Stored data entries:

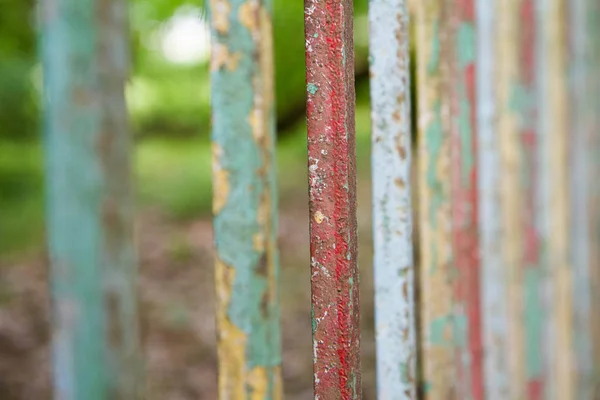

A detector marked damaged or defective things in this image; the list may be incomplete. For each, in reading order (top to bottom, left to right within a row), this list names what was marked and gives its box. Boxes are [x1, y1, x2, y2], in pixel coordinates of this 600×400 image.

rusty metal bar [41, 0, 144, 396]
chipped paint [41, 0, 144, 396]
chipped paint [209, 0, 282, 396]
rusty metal bar [209, 1, 284, 398]
rusty metal bar [304, 0, 360, 396]
chipped paint [304, 1, 360, 398]
rusty metal bar [368, 0, 414, 396]
chipped paint [366, 1, 418, 398]
chipped paint [418, 0, 454, 396]
rusty metal bar [414, 0, 458, 396]
rusty metal bar [450, 1, 482, 398]
rusty metal bar [476, 0, 508, 396]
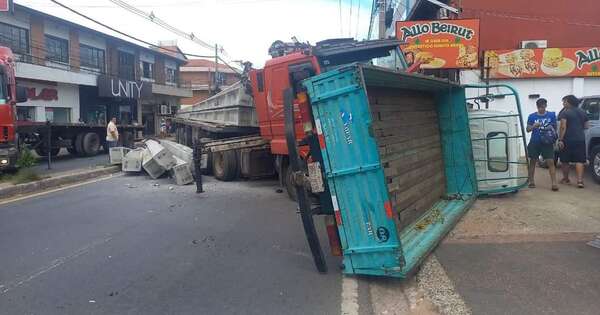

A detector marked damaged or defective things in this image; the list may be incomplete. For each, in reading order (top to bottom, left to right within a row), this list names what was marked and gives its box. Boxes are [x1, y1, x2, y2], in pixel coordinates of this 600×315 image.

broken white crate [170, 157, 193, 186]
overturned blue truck bed [304, 65, 478, 278]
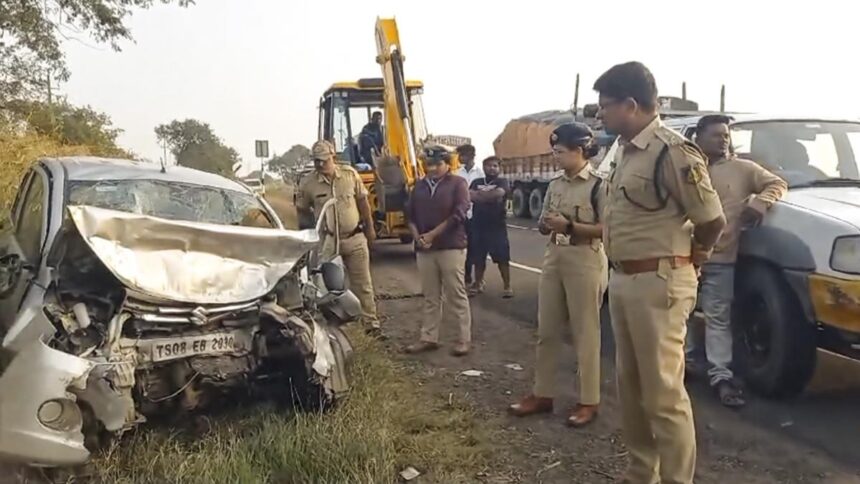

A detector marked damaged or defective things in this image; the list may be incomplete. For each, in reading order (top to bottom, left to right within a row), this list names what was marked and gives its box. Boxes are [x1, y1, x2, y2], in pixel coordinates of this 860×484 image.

car's broken windshield [728, 121, 860, 187]
car's broken windshield [67, 180, 276, 229]
crushed car hood [58, 206, 320, 304]
damaged white car [0, 157, 360, 466]
crumpled car fender [0, 336, 95, 466]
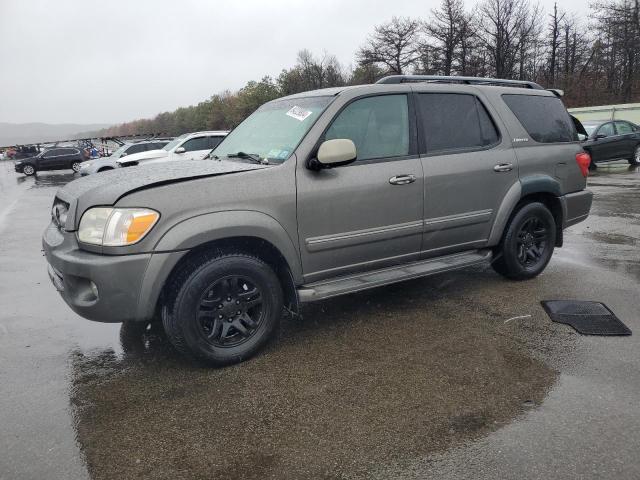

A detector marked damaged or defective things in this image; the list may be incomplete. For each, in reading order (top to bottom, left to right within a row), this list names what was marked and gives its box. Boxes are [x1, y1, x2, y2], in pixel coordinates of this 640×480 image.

damaged vehicle [42, 76, 596, 364]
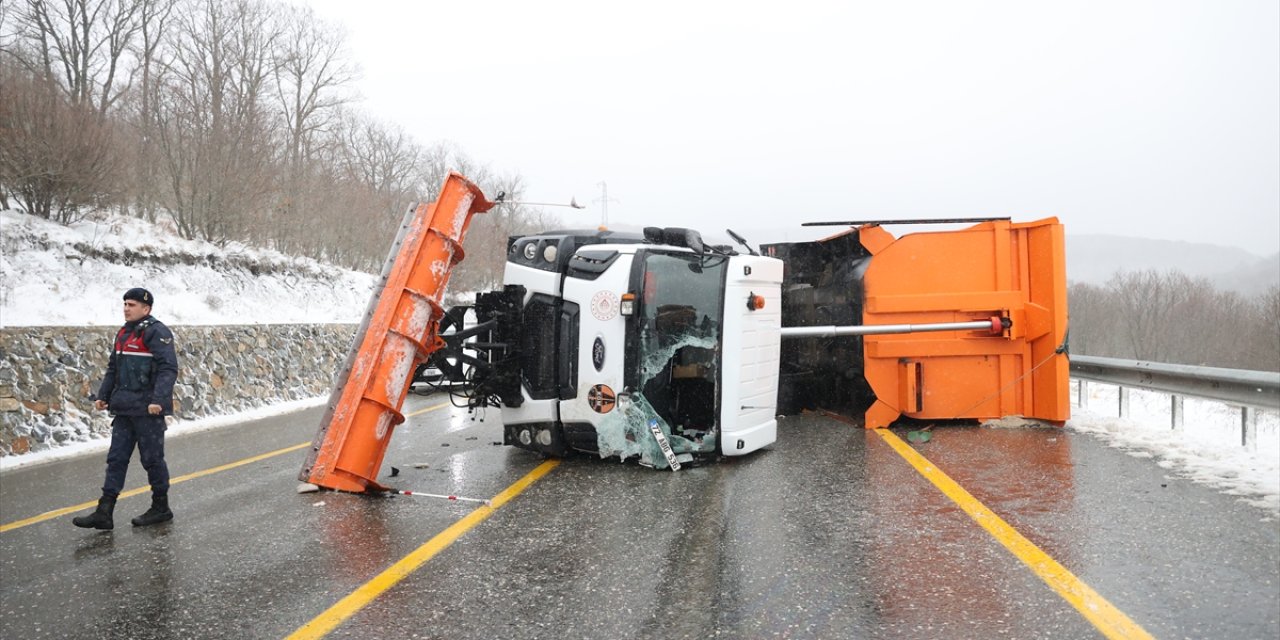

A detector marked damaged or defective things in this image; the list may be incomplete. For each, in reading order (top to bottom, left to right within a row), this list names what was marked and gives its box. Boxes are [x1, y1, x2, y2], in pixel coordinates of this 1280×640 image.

shattered windshield [593, 252, 727, 468]
overturned snowplow truck [299, 172, 1070, 486]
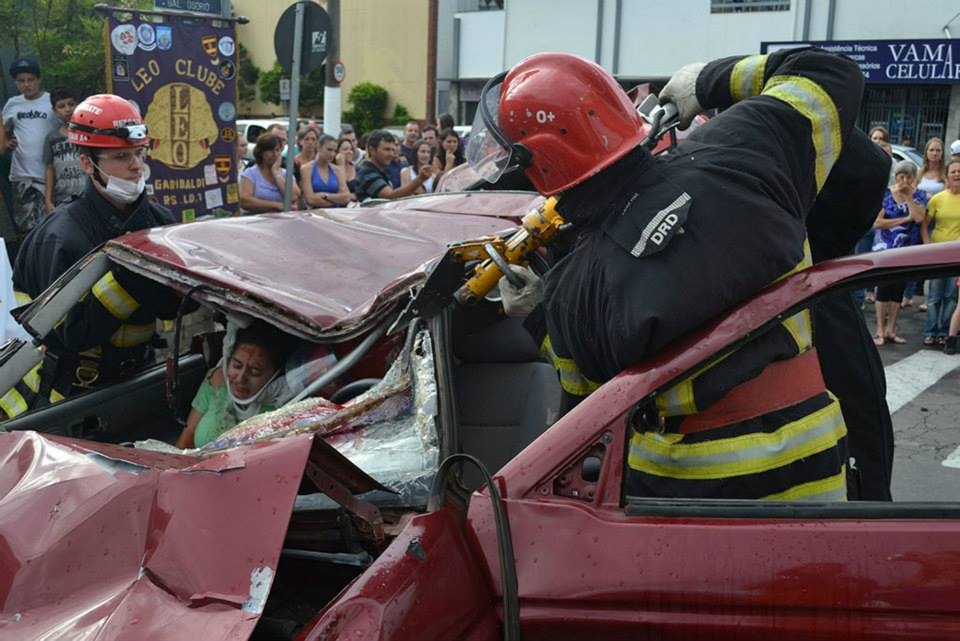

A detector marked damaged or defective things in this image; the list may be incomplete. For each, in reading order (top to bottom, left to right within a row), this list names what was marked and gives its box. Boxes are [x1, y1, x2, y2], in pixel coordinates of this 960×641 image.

crushed red car [0, 188, 956, 636]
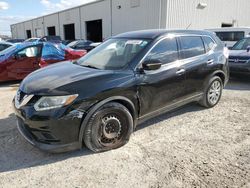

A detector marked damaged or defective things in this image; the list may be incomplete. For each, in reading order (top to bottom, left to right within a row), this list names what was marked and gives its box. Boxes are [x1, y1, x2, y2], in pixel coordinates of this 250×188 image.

damaged vehicle [0, 42, 86, 82]
damaged vehicle [13, 29, 229, 153]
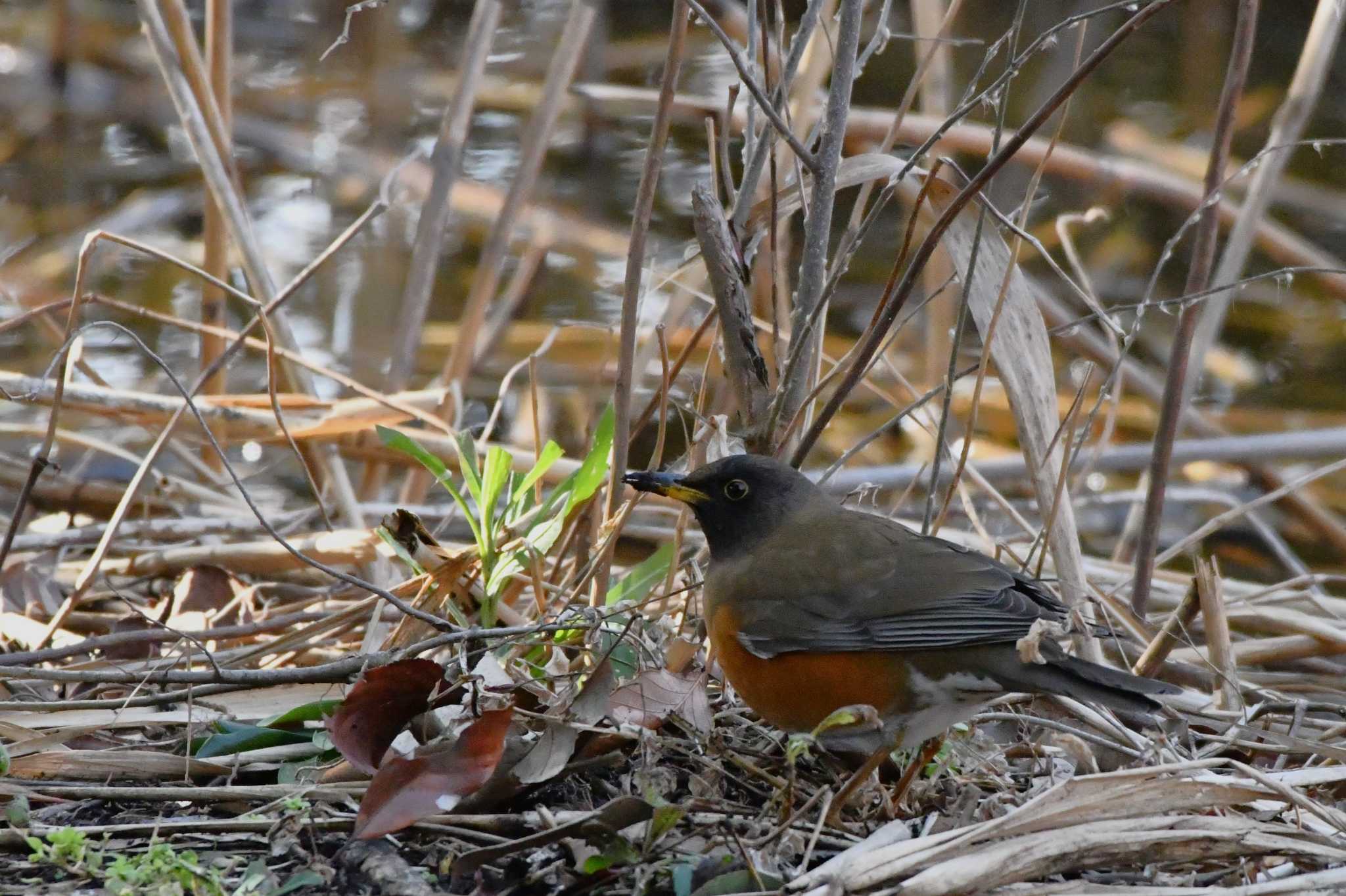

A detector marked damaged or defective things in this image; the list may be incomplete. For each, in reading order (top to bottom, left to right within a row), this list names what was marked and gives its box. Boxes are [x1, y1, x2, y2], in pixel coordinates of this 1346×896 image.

orange-rust breast [710, 599, 910, 730]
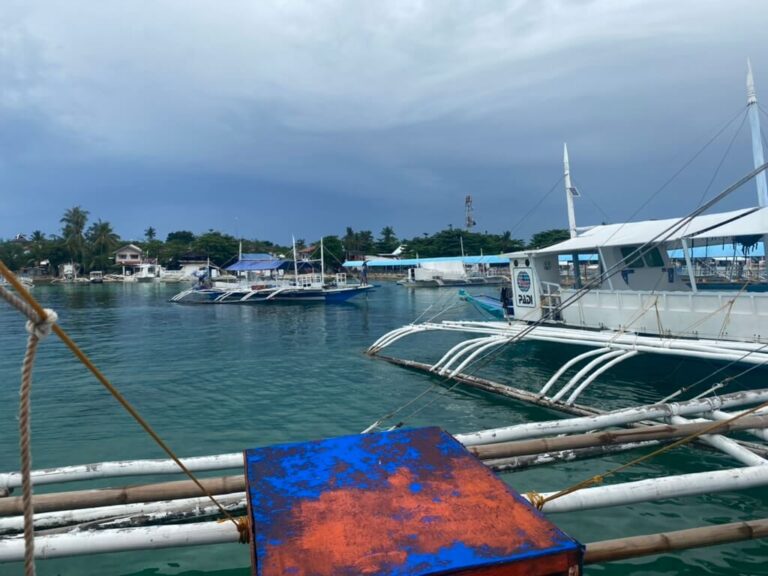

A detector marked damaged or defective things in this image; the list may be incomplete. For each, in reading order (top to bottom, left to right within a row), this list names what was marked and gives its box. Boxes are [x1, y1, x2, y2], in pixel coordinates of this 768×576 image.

◆ **Task prompt**: Transcribe the records verbatim and omit the images.

◆ **Task solution**:
A detector marked damaged or defective things in this image; the list may be incomplete. For each, in reading order (top to bottom, left to right within a row), this list names what was marked and gives its box. Boxes are [x1, y1, x2, y2], in pixel coordinates of this 600×400 image.

rusty metal bar [41, 0, 144, 396]
chipped paint [41, 0, 144, 396]
chipped paint [209, 0, 282, 396]
rusty metal bar [209, 1, 284, 398]
rusty metal bar [304, 0, 360, 396]
chipped paint [304, 1, 360, 398]
rusty metal bar [368, 0, 414, 396]
chipped paint [366, 1, 418, 398]
chipped paint [418, 0, 454, 396]
rusty metal bar [414, 0, 458, 396]
rusty metal bar [450, 1, 482, 398]
rusty metal bar [476, 0, 508, 396]

A detector marked damaged or defective things in this image; the list may be incomplete. For each, in reading order (top to bottom, left to right within a row), this list names what was marked and gives its box. Boxes are [x1, y1, x2, y2], in pixel coordinates of this 600×315 image.

broken white crate [170, 157, 193, 186]
overturned blue truck bed [304, 65, 478, 278]

A detector marked damaged or defective things in this image; the list may be incomplete. For each, in reading order (top to bottom, left to right within a row), this list names what was marked and gives its box. Boxes are [x1, y1, x2, y2], in pixel coordinates of this 860×484 image.

car's broken windshield [728, 121, 860, 187]
car's broken windshield [67, 180, 276, 229]
crushed car hood [58, 206, 320, 304]
damaged white car [0, 157, 360, 466]
crumpled car fender [0, 336, 95, 466]

A detector marked damaged or defective things in this image; the list may be incomplete. For each, in reading order (top to bottom, left to right within a row), this list names what was marked and gives its box. Boxes are [x1, y1, x2, y2], in pixel coordinates of this 640×480 image.

damaged vehicle [42, 76, 596, 364]

A detector marked damaged or defective things in this image; the list may be incomplete. For each, in reading order (top to bottom, left to right within a row), this list names what was marked and gives its box. Boxes are [x1, y1, x2, y2], in pixel coordinates of this 1280×640 image.

shattered windshield [593, 252, 727, 468]
overturned snowplow truck [299, 172, 1070, 486]

A detector marked damaged or defective things in this image; the list may be incomplete. For each, in reading order (top to bottom, left to right within a row), this list names what was marked and gives its box. Boxes are [x1, y1, x2, y2], in pixel coordinates of this 960×641 image.

crushed red car [0, 188, 956, 636]

A detector marked damaged or defective things in this image; the list may be incomplete. For each, in reading order (top to bottom, left to right within a row), this list names what was marked and gives its box. Boxes are [x1, y1, x2, y2], in pixel coordinates of this 250×188 image.

damaged vehicle [0, 42, 86, 82]
damaged vehicle [13, 29, 229, 153]

A detector marked damaged or defective things in this image; the list may be incomplete. For each, in reading order (top to bottom, left to right within a row), this list names what was marked and gives its box. Boxes are [x1, y1, x2, y2], in pixel coordinates of this 1346×896 image.

orange-rust breast [710, 599, 910, 730]

A detector marked damaged or defective things in this image; the list may be incomplete. For each, in reading order (top to bottom, left to right within a row), this list names what was marked and gives its box. Boxes are [x1, y1, x2, y2], in pixel coordinates of this 768×576 image.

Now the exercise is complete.